2. The Gators rank right behind the Noles at #3 in passing defense. But here’s the rub: Florida State has this feller named Jameis Winston playing quarterback and he’s already thrown for 3,163 yards, 32 touchdowns and seven interceptions. How much stat-padding can he do against a UF players who might be ready to fold their tents and go home for the winter?
3. Blowouts are not uncommon in this rivalry. Five of the last eight have been decided by 21 points or more. Expect more of the same Saturday.
Prediction: Florida State 38, Florida 10
Wake Forest (4-7) at Vanderbilt (7-4)
TV: 12:21pm ET on SEC TV
Opening Line: VU -14
Current Line: VU -14
One To Watch:
This And That:
1. Vanderbilt has now won eight straight November games under James Franklin, dating back to 2010. With a win over the Deacons, VU will have posted its eighth win of the season (after winning nine games last year). Vandy hasn’t posted back-to-back seasons of eight or more wins since Dan McGugin’s days back in 1927 and 1928. Franklin has already won 22 games in Nashville in his first three seasons. The last time the Commodores posted 22 wins over a three-year span? Yep, McGugin’s run from 1927 through 1929. Remarkable.
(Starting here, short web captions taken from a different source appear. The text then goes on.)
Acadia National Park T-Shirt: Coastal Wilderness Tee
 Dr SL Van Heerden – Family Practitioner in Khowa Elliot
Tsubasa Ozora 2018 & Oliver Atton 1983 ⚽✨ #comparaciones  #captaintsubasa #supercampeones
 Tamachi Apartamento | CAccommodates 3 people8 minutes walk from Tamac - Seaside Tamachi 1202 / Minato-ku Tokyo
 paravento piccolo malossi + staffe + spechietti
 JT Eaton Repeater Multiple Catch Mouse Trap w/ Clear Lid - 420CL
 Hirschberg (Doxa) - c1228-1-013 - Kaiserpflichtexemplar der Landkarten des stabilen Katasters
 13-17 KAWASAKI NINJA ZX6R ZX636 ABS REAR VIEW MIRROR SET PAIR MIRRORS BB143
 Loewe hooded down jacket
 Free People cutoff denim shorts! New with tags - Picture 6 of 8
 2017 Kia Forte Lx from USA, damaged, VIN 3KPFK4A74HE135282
2. Wake Forest ranks dead last in the SEC in scoring offense (18.1 points per game). They’re sixth in scoring defense (24.2 points allowed per game). Vandy ranks ninth in the SEC in scoring offense (29.7) and scoring defense (25.0). In other words, this one might be ugly, just like the Dores’ last two wins over Kentucky and Tennessee.
3. Vanderbilt’s offense revolves around Jordan Matthews. The SEC’s all-time receptions leader has 25 catches for 274 yards the last two weeks. If Wake Forest can’t stop him, they’ve got no prayer. Especially since they’re unlikely to win the turnover battle. WFU has turned the ball over 11 times in its last four games. Vandy has forced 19 turnovers in its last five games.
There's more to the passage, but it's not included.